Thursday, November 18, 2010
Lief Sorbye left his Oslo, Norway home for the United States in the early ’80s when he was 21 years old. He traveled around the continent as a street performer earning money through donations people dropped in a hat.
“I was already doing it all over Europe,” Sorbye says. “I heard America was a pretty big country and I wouldn’t run out of places to play.”
Sorbye says he caught the music bug at an early age after picking up a Bob Dylan songbook and taking some guitar lessons.

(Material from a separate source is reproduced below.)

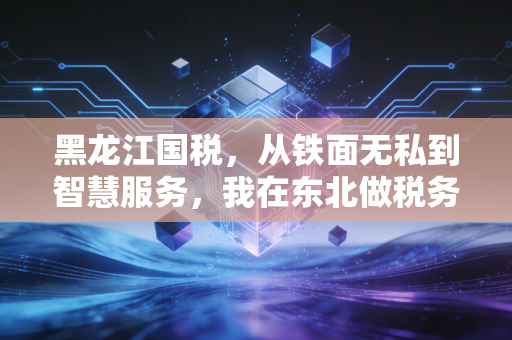 黑龙江国税，从铁面无私到智慧服务，我在东北做税务审计的这十年亲历记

“I found out I could play songs even though I only knew two or three chords,” he says. “That’s when I really started having fun with the instrument.”

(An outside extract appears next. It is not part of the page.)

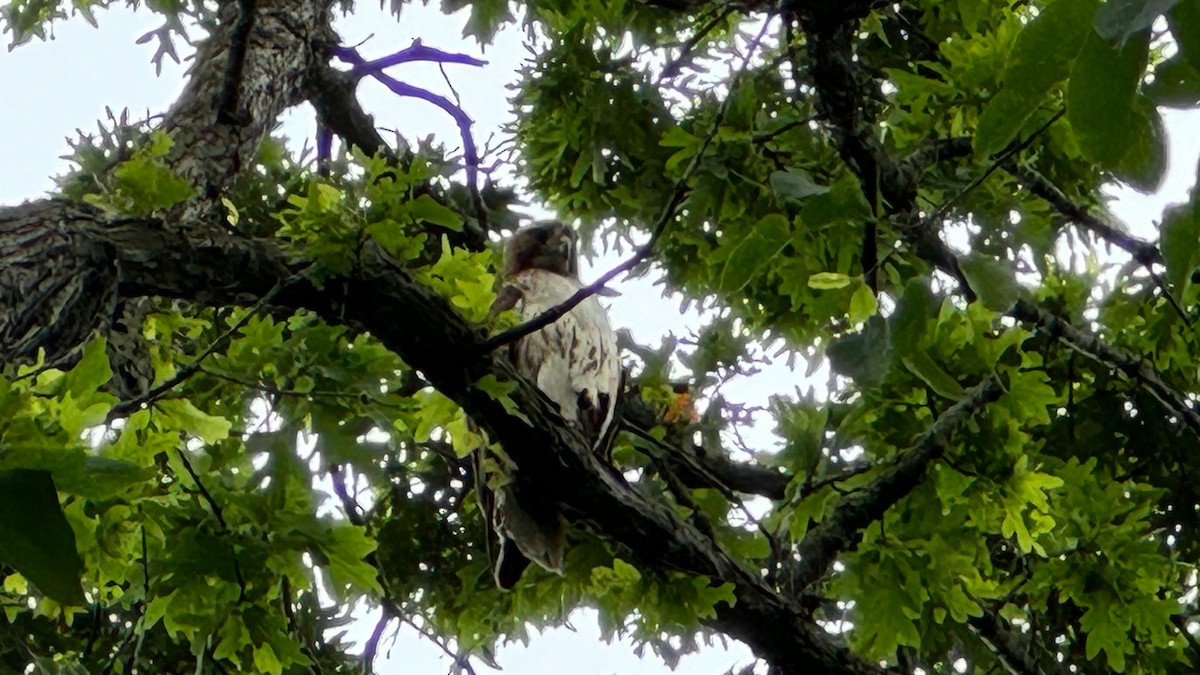 Baltimore Oriole - ML620184666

Fast forward to 1988: The Scandinavian settled in the Bay Area, where he formed Tempest, the group set to headline A Celtic Winter’s Eve in Pacific Grove on Friday. The quintet looks like a heavy metal band from the ’80s wearing hairstyles that haven’t changed much over the past 22 years.
“[Tempest] was formed and shaped out of years of experience with traditional Celtic music and my rock roots,” he says. “[Celtic] music is melodically and rhythmically uplifting and very similar to Norwegian music.”

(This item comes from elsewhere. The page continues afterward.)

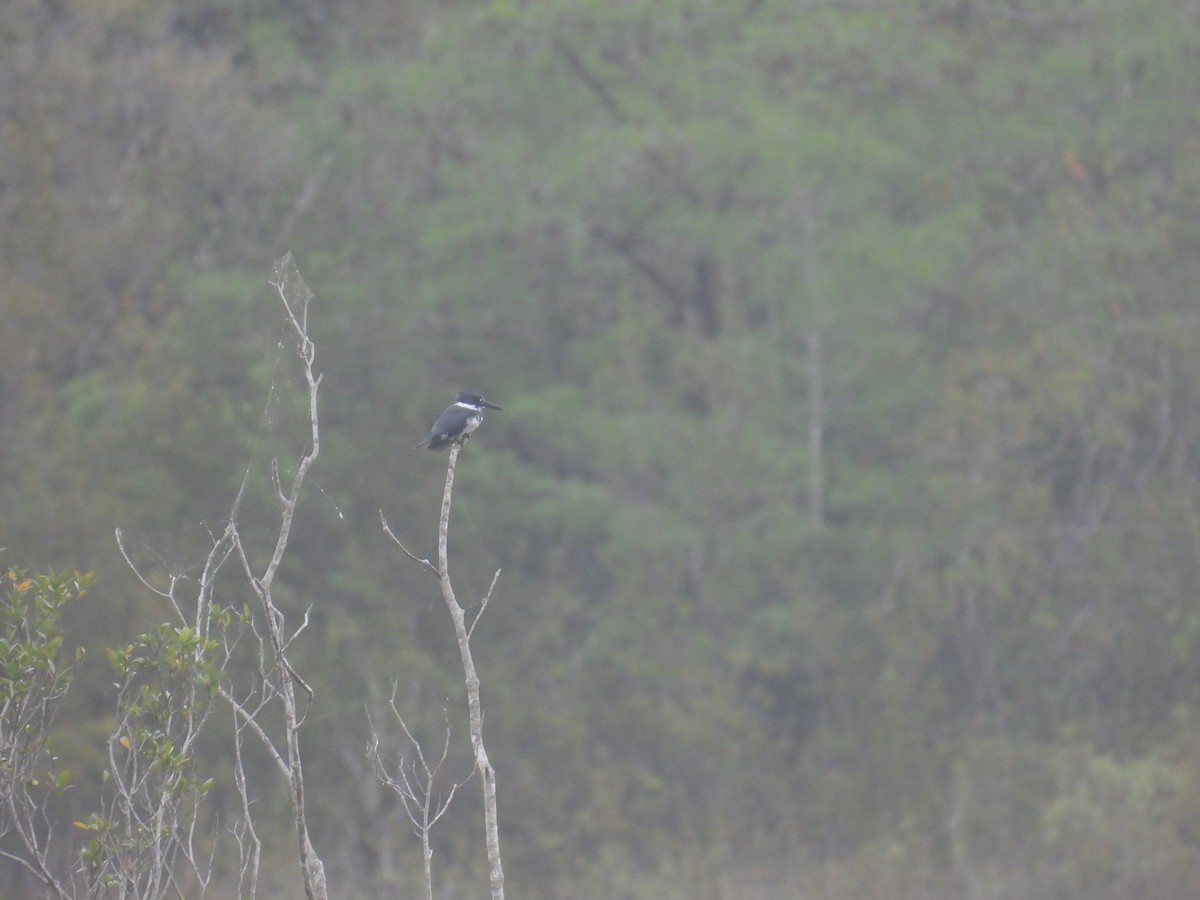 Belted Kingfisher - ML618447519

Though they label themselves as a “Celtic rock” band, Sorbye explains that elements of several types of music help mold the band’s sound. Tempest’s 15th LP Another Dawn – inspired by the 2008 election of President Obama – features everything from a traditional Norwegian ballad to “Never Tire of the Road,” a traveling tune about Woody Guthrie, laced with fiddle and pedal-steel.
“It’s easier to call something Celtic rock because people know what Celtic is and they know what rock is,” he says.
Life hasn’t really changed much for the Norwegian since his early days as a road-tripping troubadour: Most of the year, Tempest spends its time out on that old and familiar road. Playing in front of people is still, and will probably always be, a labor of love for Sorbye.
“That’s where the magic happens,” he says. “It’s the ultimate experience.”